It is not uncommon to hear directors of companies being referred to as nominee, sleeping or non-executive directors (collectively “inactive directors”).
The recent case of
BIT Baltic Investment & Trading Pte Ltd (in compulsory liquidation) v Wee See Boon [2023] SGCA 17, is a salutary reminder that the law does not make any distinction between active and inactive directors.
Rather, the Singapore Court of Appeal (“
CA”) reiterated that all directors are subject to the same duties and are expected to acquire and maintain sufficient knowledge and understanding of a company’s business in order to perform their duties adequately.
General principles
A director has two overarching duties to the company. First, fiduciary duties and second, duties of care, skill and diligence.
A director’s fiduciary duties to the company can be simplified into the following elements:
- the duty to act honestly and in good faith in the best interests of the company;
- the duty not to exercise his powers for an improper purpose such as to profit personally from his office; and
- the duty not to place himself in a position which will result in a conflict of interest.
The duty to act with due care, skill and diligence is a related but conceptually distinct duty owed by directors to their company.
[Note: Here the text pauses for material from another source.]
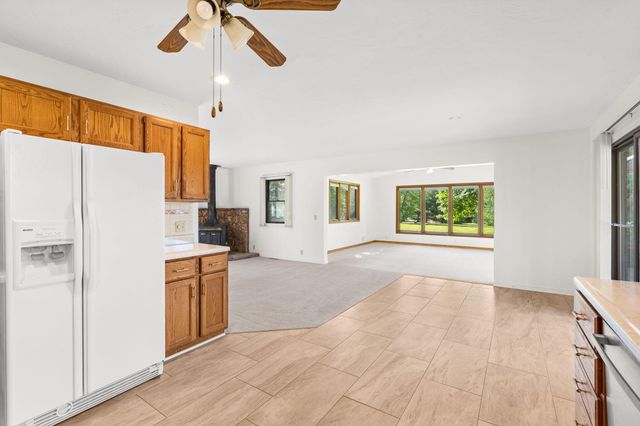 488 Hunt Club Circle, Galena, MO 65656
It is not a fiduciary duty because it is not imposed to exact loyalty from a director. Instead, it relates to the standard of care and diligence expected of a director that is assessed objectively.
The Case
BIT Baltic Investment & Trading Pte Ltd (in compulsory liquidation) (“
BIT Baltic”) brought a claim against its former director, Mr Wee See Boon (“
Mr Wee”) for damages in respect of breaches of fiduciary duties and duties of care, skill and diligence.
The directors of BIT Baltic, at all material times, were Mr Wee and two foreign nationals, Mr Peter Christian Harren (“
Mr Harren”) and Dr Martin Harren (“
Dr Harren”).
BIT Baltic’s claim centred around unfair preference payments (the “
Payments”) that were made to two other entities known as HARPA Services & Support GmbH & Co. KG (“
HARPA”) and HPS International Holding GmbH (“
HPS”). Dr Harren was a director of HARPA and HPS at the material time.
The Decision
At the first instance, the High Court (“HC”)Judge dismissed BLT Baltic’s claim. The HC Judge held that while the Payments were unfair preference payments, Mr Wee had a limited role in BIT Baltic and as a result did not breach his fiduciary duties or his duty to exercise due care, skill and diligence in relation to the Payments.
On appeal, the CA reversed the factual finding of the High Court and held that Mr Wee played a material role in BIT Baltic’s operations. While the CA held that Mr Wee did not breach his fiduciary duties, it found that he had breached his duty to act with care, skill and diligence in relation to the Payments.
At that material time, Mr Wee’s duty, as a director acting in the best interests of BIT Baltic, was to have taken the necessary steps to enquire about the related party transactions declared in the financial statements and to alert the other directors to the wrongful payment and to request them to take steps to recover the payments.
Key Points and Takeaways
While the case had its own specific facts, the CA made a number of points of general importance namely:
- Every director is subject to the same duties and is expected to acquire and maintain sufficient knowledge and understanding of a company’s business in order to perform those duties adequately.
- This is so regardless of whether the director has an inactive role or is appointed for the sole purpose of satisfying statutory requirements.
- Directors’ duties serve as a level of safeguard against potential corporate misconduct. Permitting certain directors to “sleep on duty” contributes nothing to reducing such misconduct.
It appears the Court’s objective was to deliver a clear message that inactive directors will be held to the same standard as active or executive directors.
Non-executive directors or nominee directors (including companies providing nominee director services) would be well advised to take steps or put in place safeguards to ensure that there is some degree of oversight over the company, especially where the company is experiencing financial difficulties.